## Stored data

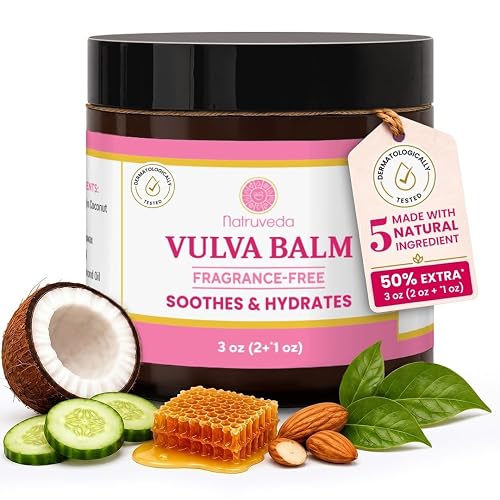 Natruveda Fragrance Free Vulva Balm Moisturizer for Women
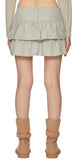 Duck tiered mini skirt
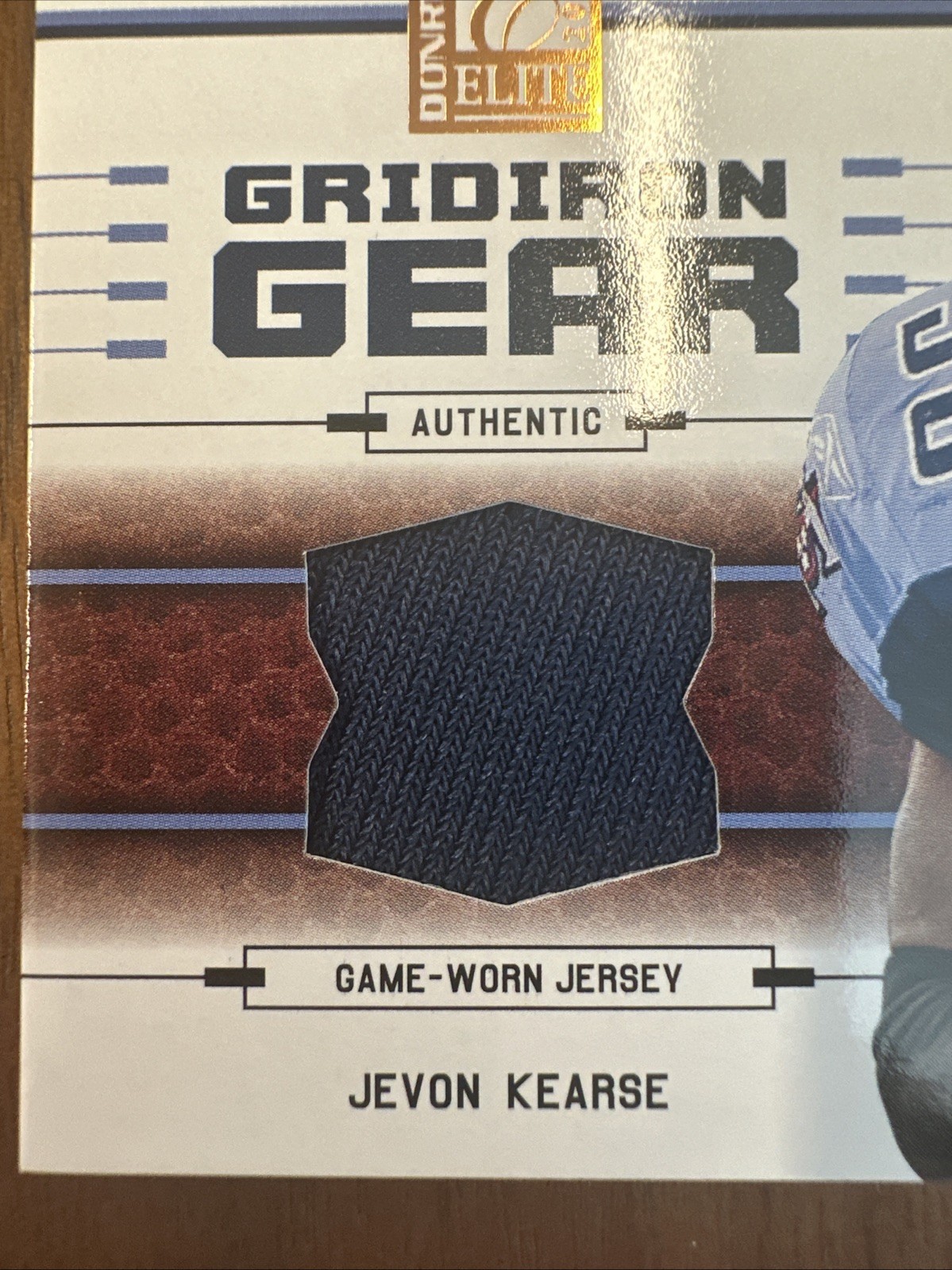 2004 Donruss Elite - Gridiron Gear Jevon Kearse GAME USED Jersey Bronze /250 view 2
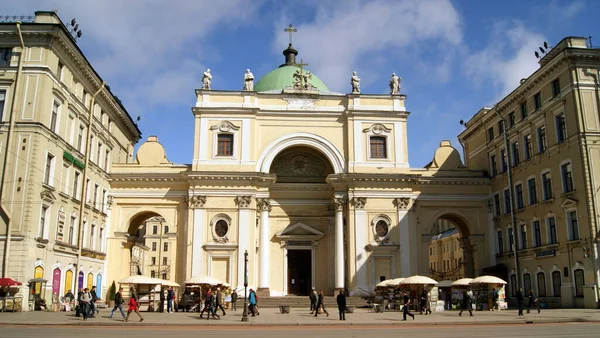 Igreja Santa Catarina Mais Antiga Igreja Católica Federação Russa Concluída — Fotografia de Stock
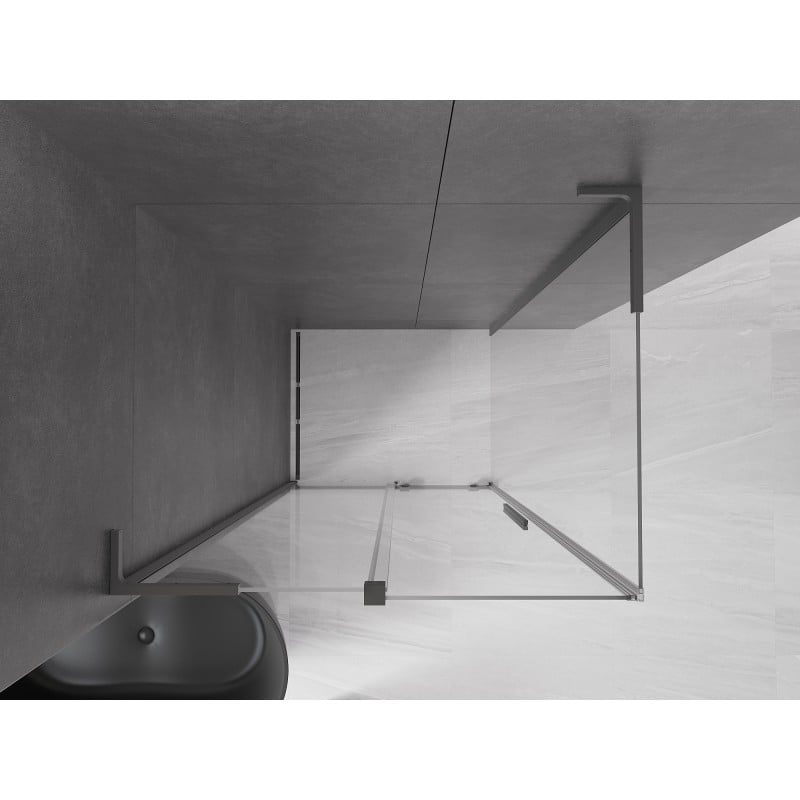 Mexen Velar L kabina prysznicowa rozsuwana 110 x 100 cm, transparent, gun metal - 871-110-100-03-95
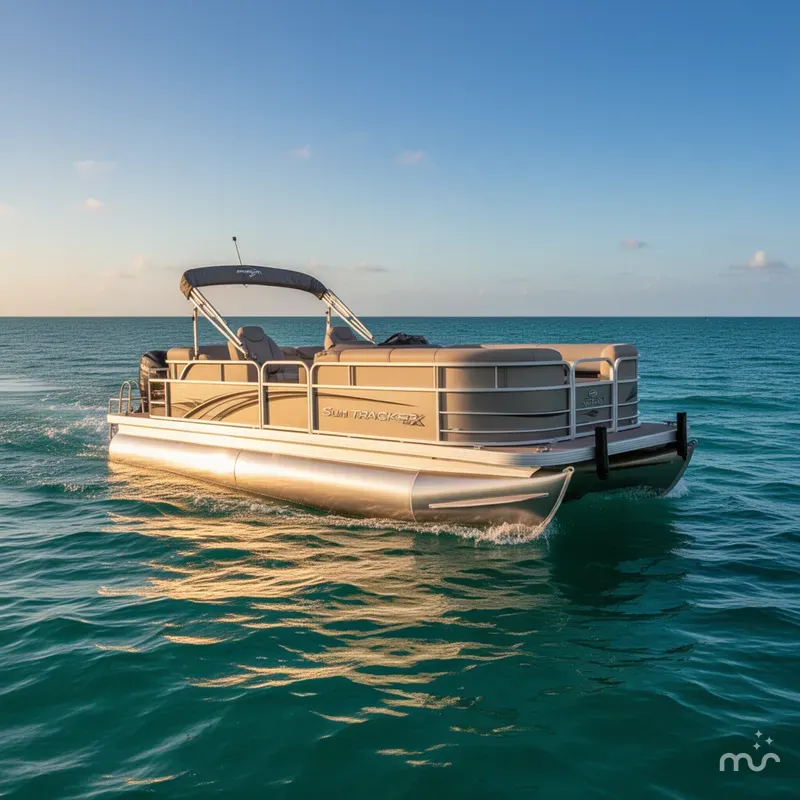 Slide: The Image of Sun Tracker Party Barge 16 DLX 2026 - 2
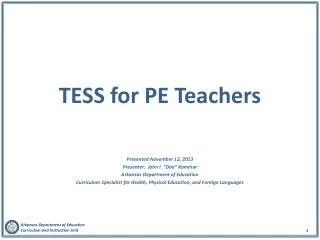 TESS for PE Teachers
* * *
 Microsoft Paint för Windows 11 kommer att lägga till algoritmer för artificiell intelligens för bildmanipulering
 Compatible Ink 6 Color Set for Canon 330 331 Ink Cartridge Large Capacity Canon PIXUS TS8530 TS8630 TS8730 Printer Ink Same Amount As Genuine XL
==
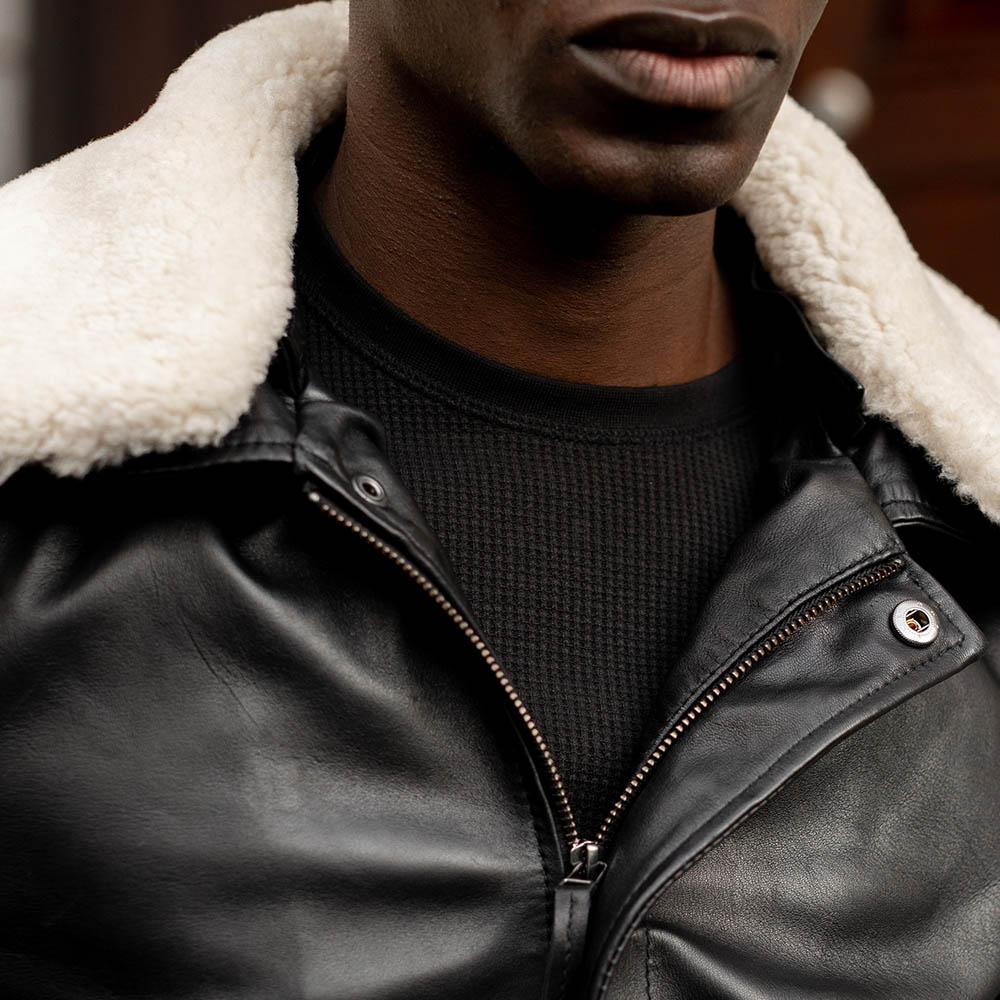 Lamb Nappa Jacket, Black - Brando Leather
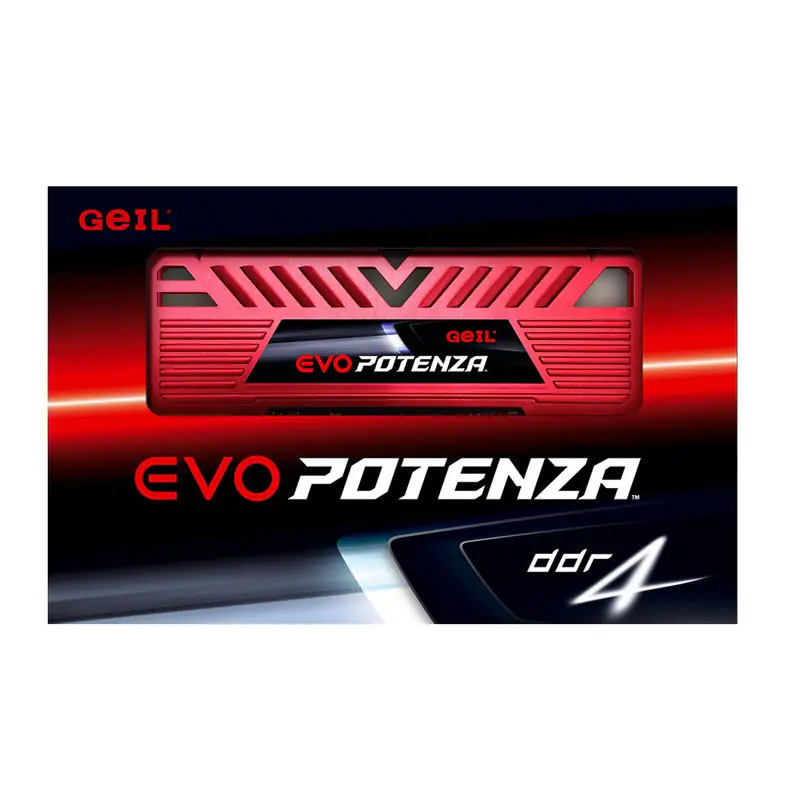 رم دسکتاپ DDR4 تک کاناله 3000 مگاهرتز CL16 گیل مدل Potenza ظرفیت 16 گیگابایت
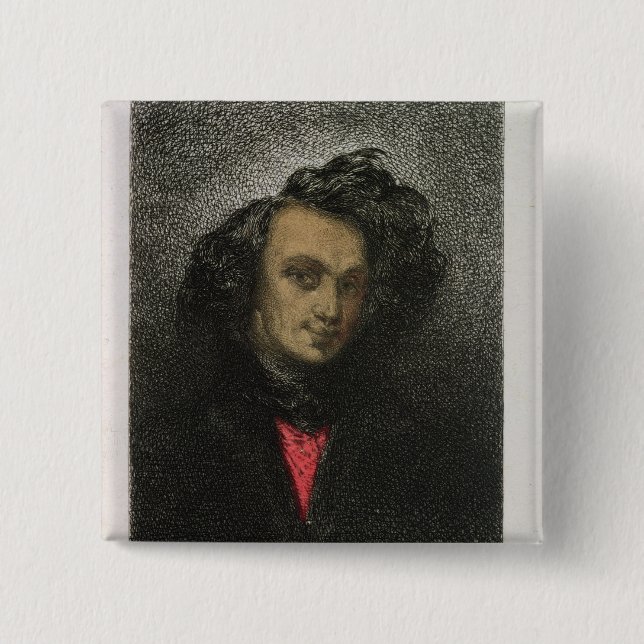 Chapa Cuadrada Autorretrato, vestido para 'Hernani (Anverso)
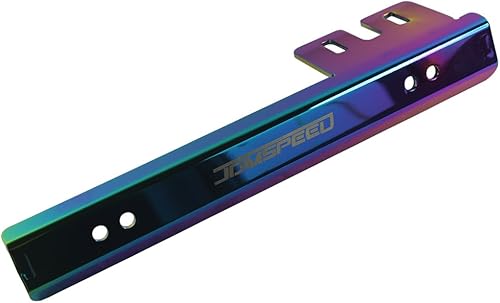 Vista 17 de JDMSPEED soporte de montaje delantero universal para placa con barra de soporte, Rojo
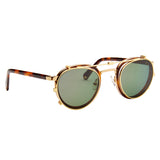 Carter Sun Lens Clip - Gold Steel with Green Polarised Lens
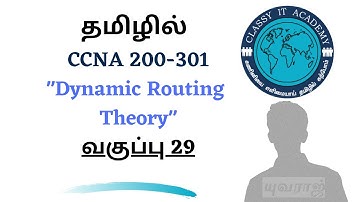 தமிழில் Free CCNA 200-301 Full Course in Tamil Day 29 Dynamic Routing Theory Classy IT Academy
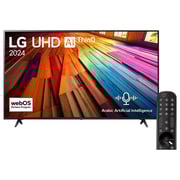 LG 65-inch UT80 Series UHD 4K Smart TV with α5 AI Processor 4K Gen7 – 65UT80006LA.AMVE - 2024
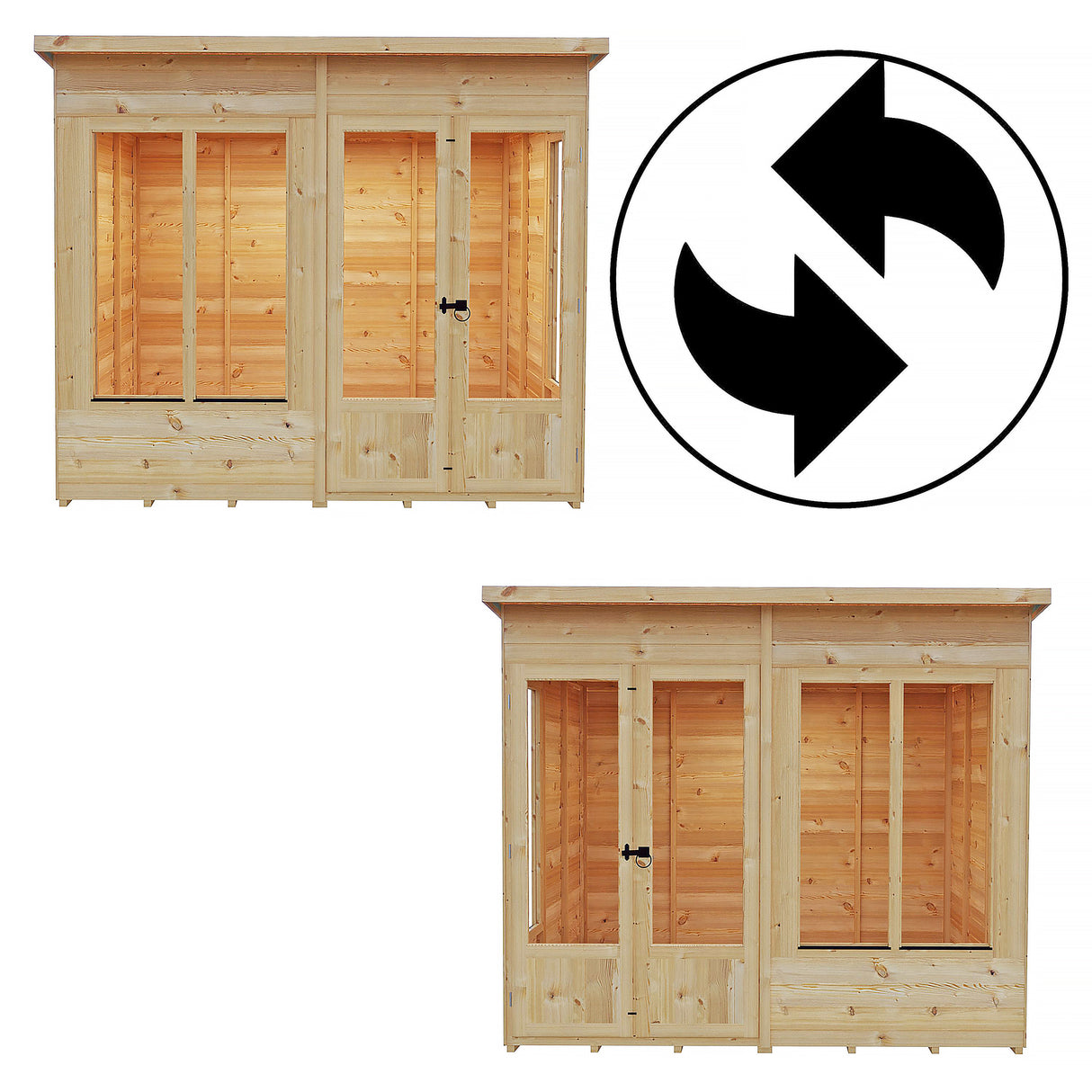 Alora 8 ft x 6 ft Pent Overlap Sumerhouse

## Exercise description
Here the job is to copy the stretch of records from the line containing "Vista 17 de" through the line containing "Alora 8 ft x 6 ft Pent Overlap Sumerhouse", word for word. Leave every picture out.

## Answer for the task
 Vista 17 de JDMSPEED soporte de montaje delantero universal para placa con barra de soporte, Rojo
 Carter Sun Lens Clip - Gold Steel with Green Polarised Lens
 தமிழில் Free CCNA 200-301 Full Course in Tamil Day 29 Dynamic Routing Theory Classy IT Academy
 LG 65-inch UT80 Series UHD 4K Smart TV with α5 AI Processor 4K Gen7 – 65UT80006LA.AMVE - 2024
 Alora 8 ft x 6 ft Pent Overlap Sumerhouse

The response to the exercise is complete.